Exploring the Architecture of matplotlib

In the following sections of this IPython Notebook we will investigate different aspects of matplotlib's architecture. These include:

modules and import graphs
execution flow
the objects created by the pyplot scripting layer

Before we start, though, let's get things warmed up:



In [ ]:

    
import matplotlib
matplotlib.use('nbagg')
%matplotlib inline

Now we'll bring in the modules we'll be using in this notebook:



In [ ]:

    
from glob import glob
from modulefinder import Module
from modulefinder import ModuleFinder
from os.path import dirname
from pprint import pprint
import sys
import trace
import urllib.request

import matplotlib.pyplot as plt
from IPython.core.display import Image 

from pycallgraph import Config 
from pycallgraph import GlobbingFilter 
from pycallgraph import PyCallGraph
from pycallgraph.output import GraphvizOutput

Now let's get some code we created espeically for this notebook:



In [ ]:

    
sys.path.append("../lib")
#from modarch import matplotlib_groupings
import modfind
import modgraph
from modutil import ls, rm

Modules and matplotlib import graphs

In this section, will will explore the architecture of matplotlib using the NetworkX library in conjunction with matplotlib itself. First, though, let's take a look at matplotlib's package structure.

Modules

We can get a first glimps of the structure by looking at the package directory. IPython actually supports the ls -al shell command, but we're going to need something a bit more flexible, so let's import a convenience function we defined in the modutil module:



In [ ]:

    
libdir = "../../.venv-mmpl/lib/python3.4/site-packages/matplotlib"
ls(libdir)

Let's get a cleaner view, though. Here are all the top-level matplotlib modules:



In [ ]:

    
toplevel = glob(libdir + "/*.py")
modules = ["matplotlib" + x.split(libdir)[1] for x in toplevel]
len(modules)



In [ ]:

    
pprint(modules)

And these are matplotlib's subpackages:



In [ ]:

    
modfile = "/__init__.py"
subs = [dirname(x) for x in glob(libdir + "/*" + modfile)]
pprint(["matplotlib" + x.split(libdir)[1] for x in subs])

Let's take a peek into some of these:



In [ ]:

    
ignore_output =[ls(libdir + x) for x in ["/backends", "/axes", "/projections"]]

matplotlib has an architecture that conceptually groups areas of functionality into the following layers:

scripting
artist
backend

There's nothing in matplotlib that correlates modules and subpackages to these conceptual layers, so we created one in a module used by this notebook:



In [ ]:

    
pprint(matplotlib_groupings)

As you may notice, not all of the strings in the key/list pairs match exactly to matplotlib's modules or subpackages.
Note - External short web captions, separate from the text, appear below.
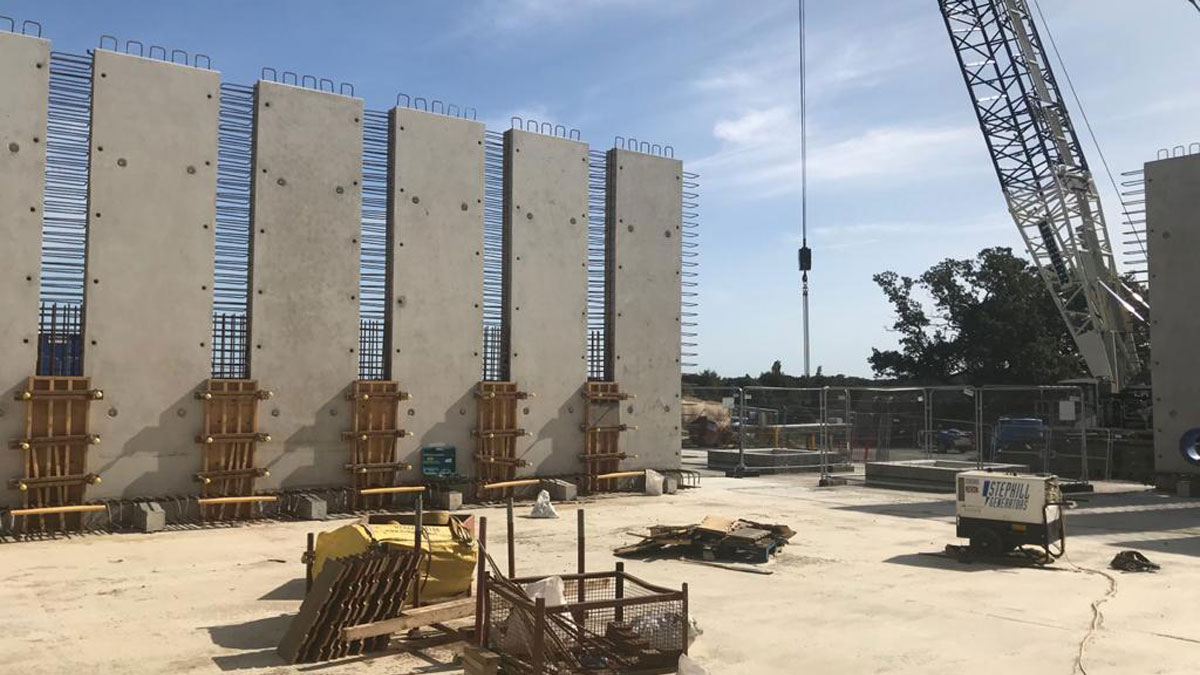 Precast concrete panel walls of Horstead Storage Reservoir being craned into position - Courtesy of @one Alliance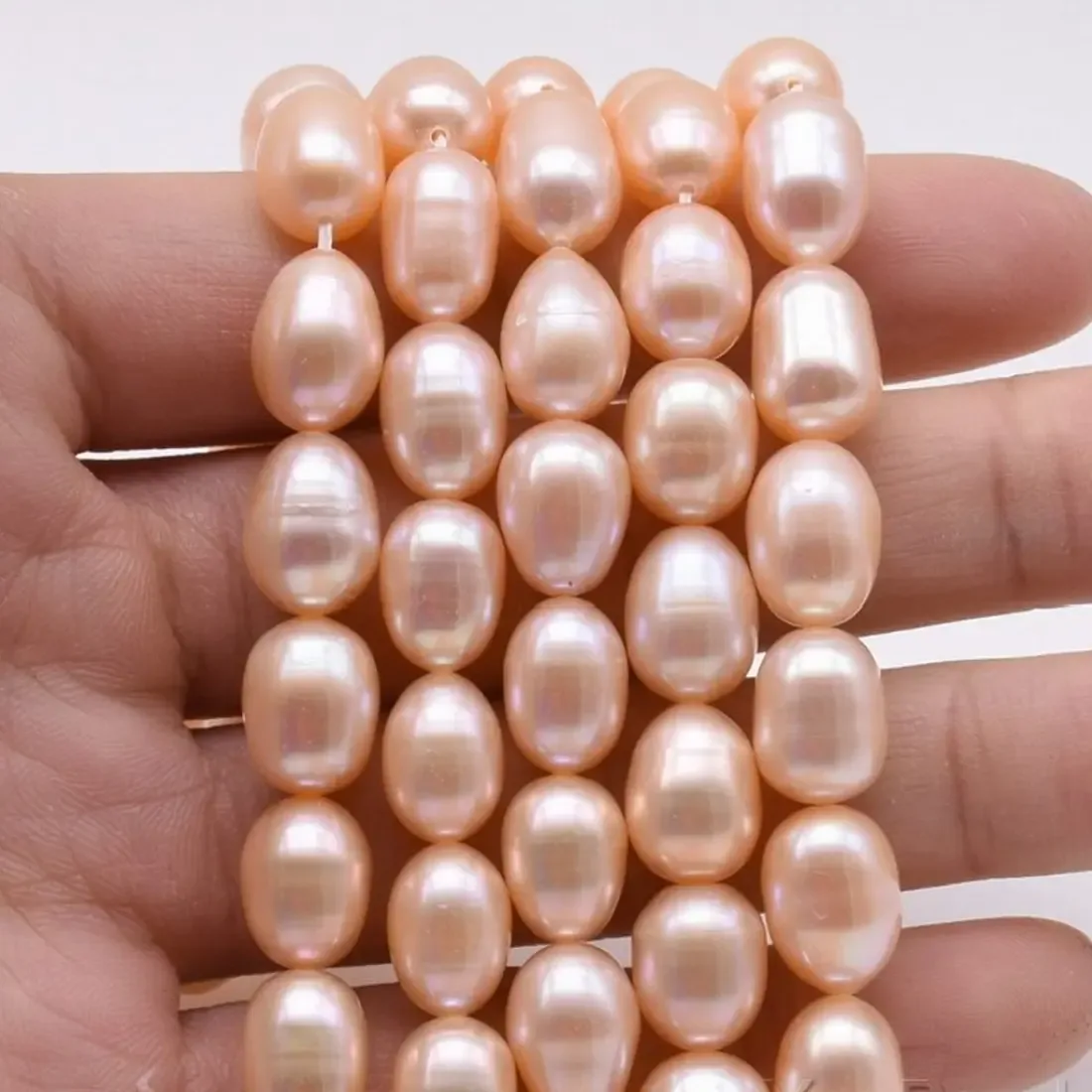 Peach pink oval rice imitation pearl bead strand 8 x 6 mm, 16 inch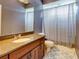 Simple bathroom with granite countertop and shower/tub combo at 12211 Oak Ramble Dr, Spring Hill, FL 34610
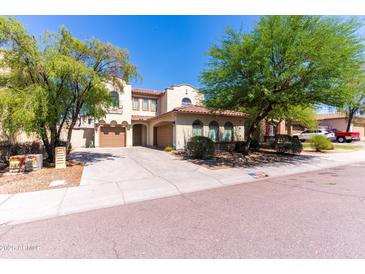 Inviting two-story home featuring a well-maintained yard and a spacious two-car garage, set under a clear, blue sky at 7925 S 52Nd Dr, Laveen, AZ 85339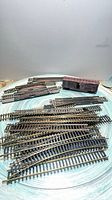 Group of HO track pieces and Southern Pacific boxcar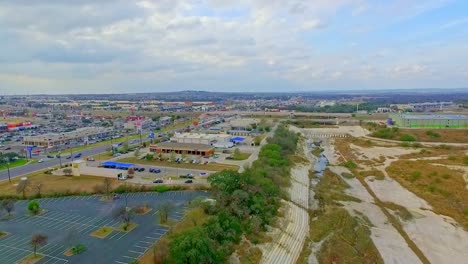 Drone-footage-of-the-flood-plain-with-shops,-car-parks-and-road-or-highway-of-to-the-sides-moving-backwards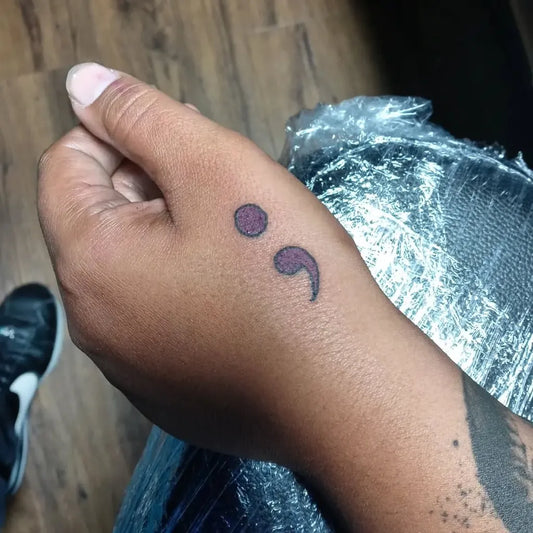 Small Minimalist Semicolon on Men Hand Tattoo by @tattoosbytoro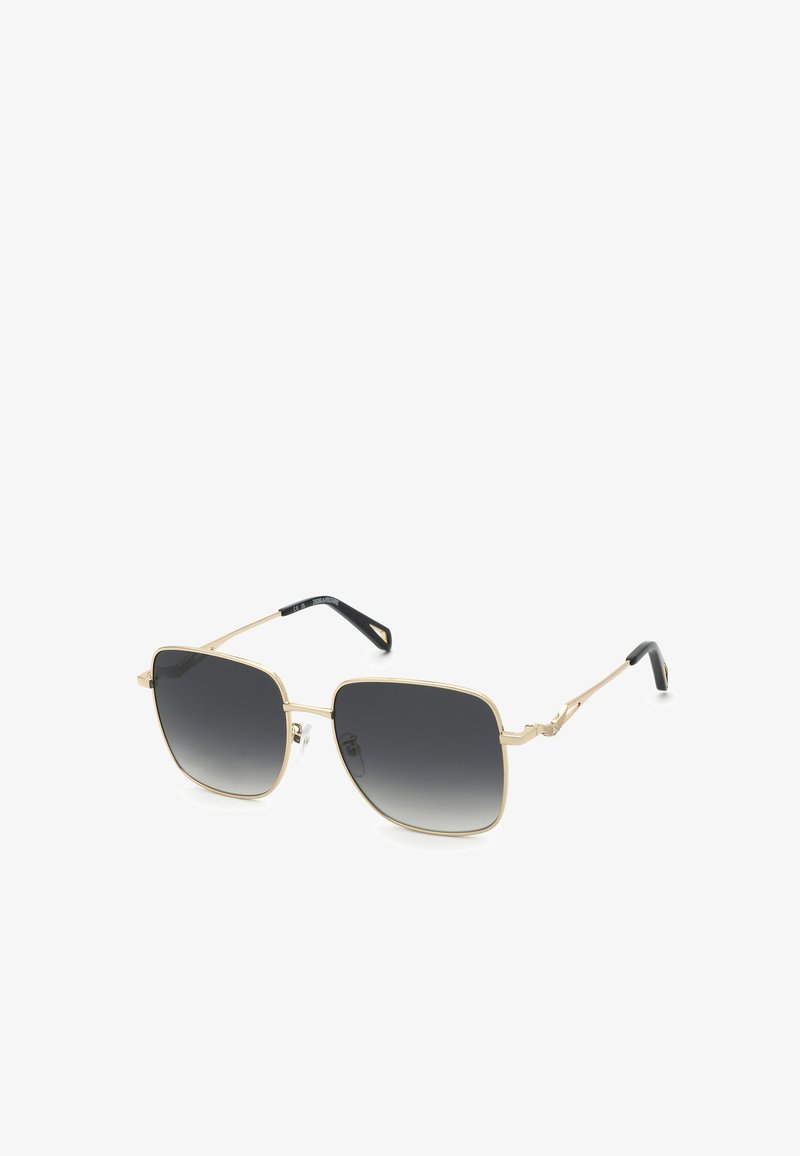 Lunettes de soleil de forme carrée avec verres dégradés noirs et fines montures métalliques dorées avec embouts de branches noirs.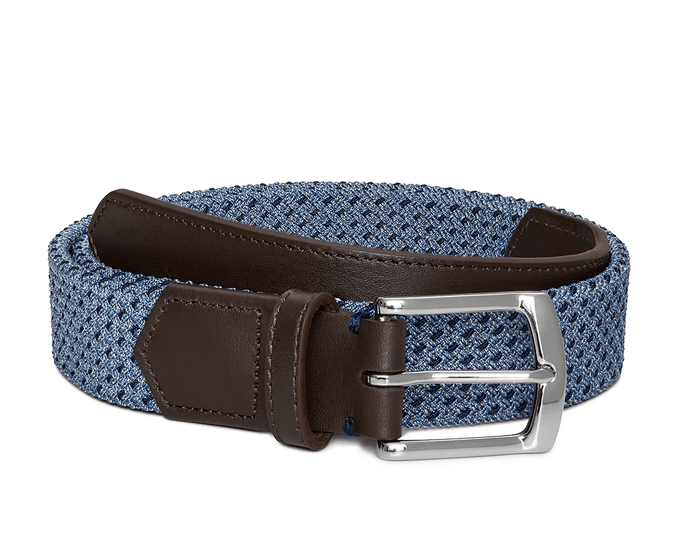 The Fischer Belt: Slate & Navy Basketweave features a blue braided strap, dark brown leather trim, and a shiny silver-tone metal buckle.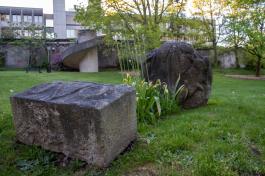 The Mysteries of Life statue, carved out of limestone, sits in the grassy area below the Transportation building.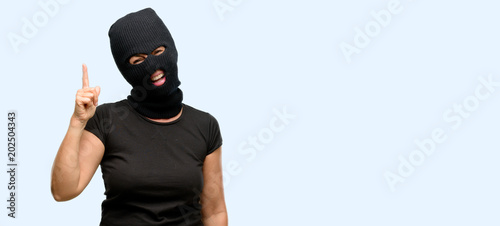 Burglar terrorist woman wearing balaclava ski mask pointing away side with finger isolated blue background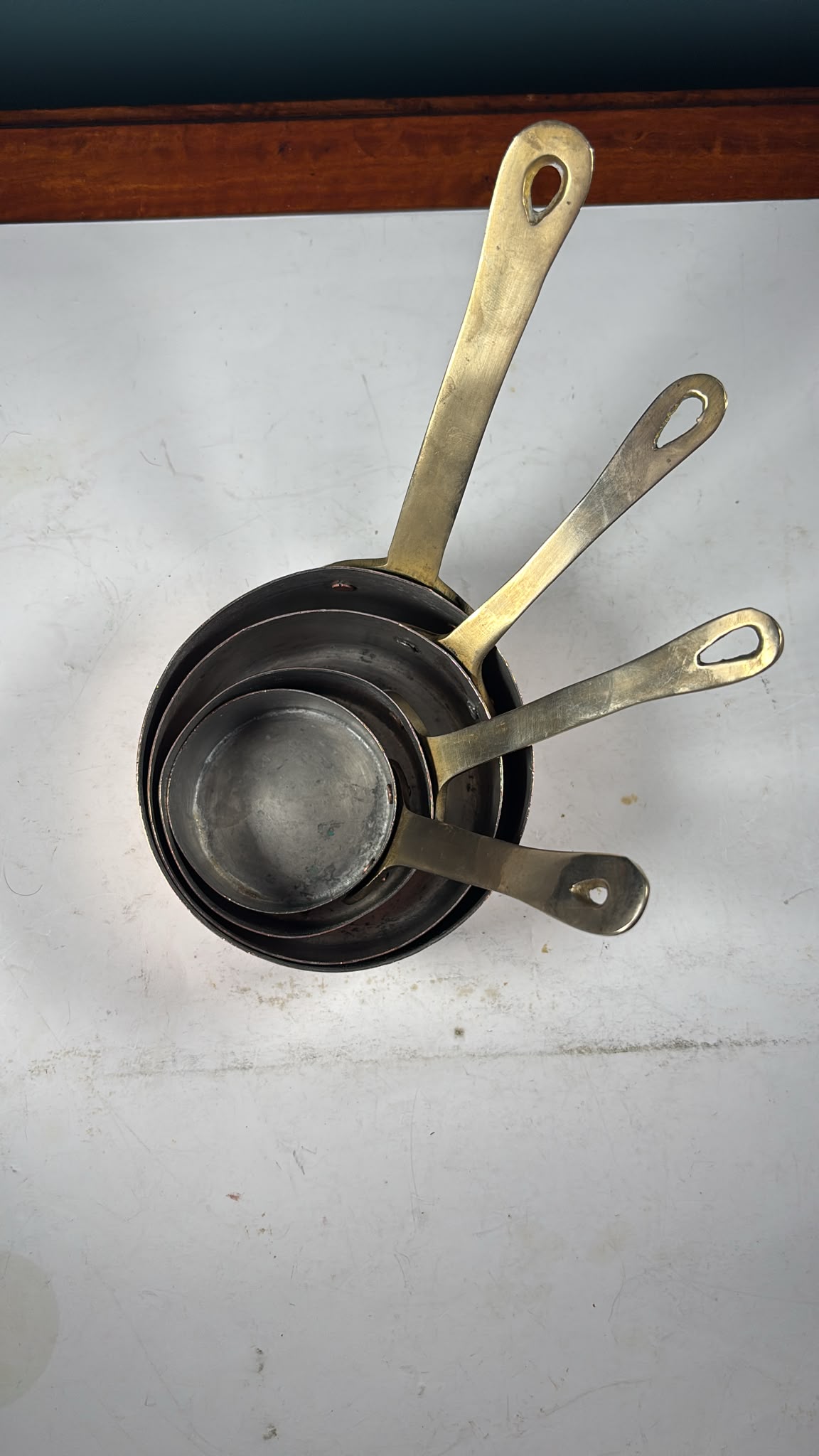 AN image of A set of 4 graduated copper mini saucepans with brass handles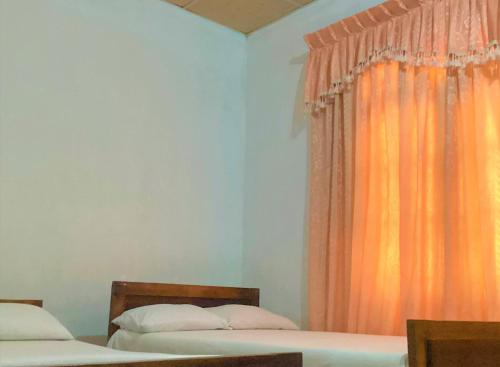 a bedroom with two beds and an orange curtain at Grand Refuge Holiday Rooms in Anuradhapura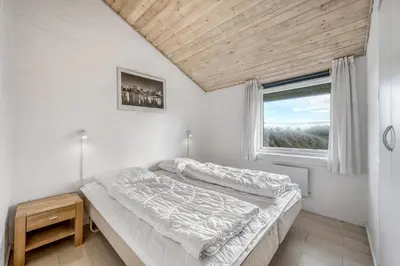 a bedroom with two beds and a window at Lovely Holiday Home With Pool, Spa And Sauna, Only 200 Meters From The North Sea in Harboør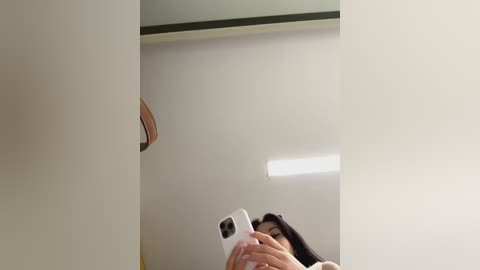 Media: A video shows a woman with long black hair taking a selfie in a minimalist, white-walled room. She holds a white iPhone, capturing her reflection in a mirror. The room has a modern, clean aesthetic.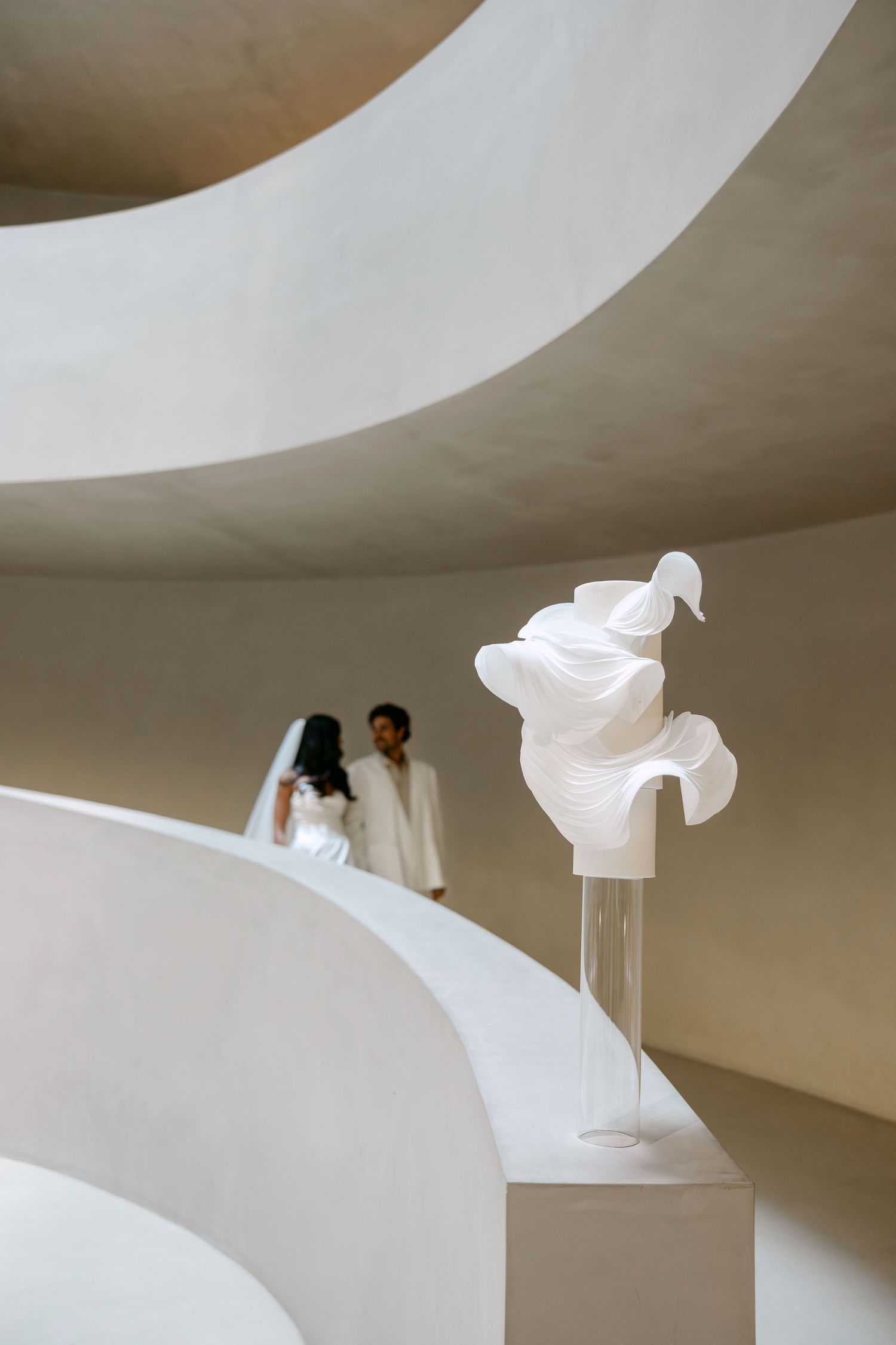 A bride and groom stand in a curved white architectural space beside an elegant flowing white fabric sculpture on a pedestal.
That's because these strings are used to match beginnings of strings. Their intended use is in a call such as x.startswith(mod_name_part).

We will use this information later when building structured graphs of matplotlib imports, but for now this offers additional insight into how one can view the Python modules which comprise matplotlib.

A Simple Script

We've got a simple matplotlib script that's in the ./scripts directory. It has the following contents:



In [ ]:

    
#! /usr/bin/env python3.4
import matplotlib.pyplot as plt

def main () -> None:
    plt.plot([1,2,3,4])
    plt.ylabel('some numbers')
    plt.savefig('simple-line.png')

if __name__ == '__main__':
    main()

Super easy. But the purpose of this isn't to demonstrate something impressive with matplotlib. Rather, as we dig into the matplotlib modules, and in this case explore the module dependencies for our script, we want the simplest case possible so that we can focus on out goal: understanding how it all hooks up.

`ModuleFinder`

We'd like to see all the matplotlib modules that are imported just to do this simple script. There's a great Python module for just this sort of task: ModuleFinder:



In [ ]:

    
finder = ModuleFinder()
finder.run_script('../scripts/simple-line.py')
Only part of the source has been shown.